Additionally, we found that both Shannon’s diversity index and Shannon’s evenness index increased during the periods, manifesting 
the landscapes in the study area became more fragmented and heterogeneous under intensive exploitation and reconstruction of 
landscape by human beings. The environmental effects of landscape change were also discussed. 
1. INTRODUCTION 
Landscape structure and composition develops continuously in 
space and time. These developments are attributable to the 
complex interaction between natural environment and human 
activities, resulting in the change of the stability of individual 
elements in the landscape system and the spatial structure of 
landscape (Xiao et al., 1990). Investigating landscape structure 
and its change is a prerequisite to the study of ecosystem 
functions and processes, sustainable resources management, and 
effective land use planning (Matsushita, et al., 2006). The 
research on regional landscape change has been one of the hot 
topics in this field, which attracts general interests of the 
geographers and ecologists worldwide (Forman and Godron, 
1986; Dong, et al., 2007). Landscape and environmental 
changes are interrelated and interact on each other. Studying on 
landscape change and associated environment takes quantitative 
analysis of landscape change as preexisting. The methods of 
quantitative analysis of landscape pattern structure and its 
change based on landscape metrics have been widely adopted 
by landscape ecology researchers (Herold, et al., 2003; Olsen, 
2007). 
Haihe River Basin (HRB), which suffered intense human 
interference and decreasingly deteriorating environment, has 
been an important commodity grain base and ecology 
conservation base in north China and holds an increasingly 
important social and economic position. A severe lack of water 
resources, integrated with tremendous landscape change 
jeopardized the ecosystem stabilization, structure and function. 
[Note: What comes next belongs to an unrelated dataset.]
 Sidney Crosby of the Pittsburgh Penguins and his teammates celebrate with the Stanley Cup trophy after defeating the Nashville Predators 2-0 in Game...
Accordingly, the study on landscape changes in this area can 
improve our understanding of the interrelationships among 
landscape structure, natural environment, and human activities, 
and help to define the magnitude and direction of landscape 
changes caused by human interfering activities, and thus 
provide an important scientific basis for the sustainable 
development of the region (Lu, et al., 2003). The main issue is 
the interpretation of the magnitude and pattern of change and its 
effects on the regional ecological processes and patterns. There 
have been some academic researches on landscape change in 
provinces Beijing, Tianjin, and Hebei according to 
administrative boundary, almost all of which focused on the 
urbanization process (e.g. Xiao, et al., 2006), but few reports on 
landscape change analysis at the basin scale based on remote 
sensing (RS) and geographical information system (GIS). 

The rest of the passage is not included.